インタビューを終えて――いかにコミュニティに寄り添うか
冒頭で「コミュニティが知られていない」と書いたが、これには当然ながらコミュニティ側の問題もある。コミュニティ自身がどういう価値を提供できるのかを明確にして積極的にアピールしなければ、お金などのリソースを出す側も動けない。ただ「協力してほしい」と言うだけでは、どうにもならないのだ。

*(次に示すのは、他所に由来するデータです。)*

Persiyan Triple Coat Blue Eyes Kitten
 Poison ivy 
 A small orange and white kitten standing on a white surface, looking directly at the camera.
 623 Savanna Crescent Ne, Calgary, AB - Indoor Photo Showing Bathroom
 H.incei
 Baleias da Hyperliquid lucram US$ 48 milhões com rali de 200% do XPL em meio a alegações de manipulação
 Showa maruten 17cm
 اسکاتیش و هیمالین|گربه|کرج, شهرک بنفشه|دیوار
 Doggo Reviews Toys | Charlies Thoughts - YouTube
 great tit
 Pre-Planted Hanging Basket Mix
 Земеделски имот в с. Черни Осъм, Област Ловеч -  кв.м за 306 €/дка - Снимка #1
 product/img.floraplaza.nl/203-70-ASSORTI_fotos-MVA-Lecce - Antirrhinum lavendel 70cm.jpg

とはいえ、コミュニティの主催者はたいてい別で仕事をしながら大会の企画や運営を行なっているので、広報にまで時間を取れるとは限らない。結局のところ、現状では主催者のモチベーションやポケットマネーに依存せざるをえない。ここから脱却するのは簡単ではないだろう。
また、ゲームが権利物である以上、コミュニティが持続的な活動のために収益化を目指すなら、きちんと手続きに則る必要もある。ところが、ライセンスの許諾手順が複雑だったり明確化されていなかったりする場合も少なくない。それどころか、チョコブランカさんのインタビューでも語られていたように、ゲームを盛り上げたいと真摯に取り組んでいるコミュニティに対してゲーム会社が必ずしも理解を示しているとは言えない状況もある。
課題は多い。ただ、それでもやはりゲーム会社やメディア、プラットフォーマー、あるいは協賛を検討している企業がコミュニティに寄り添っていくべきだろう。熱中するプレイヤーがいなければ、esportsどころかタイトルを取り巻くシーンなどとうに消滅しているのだから。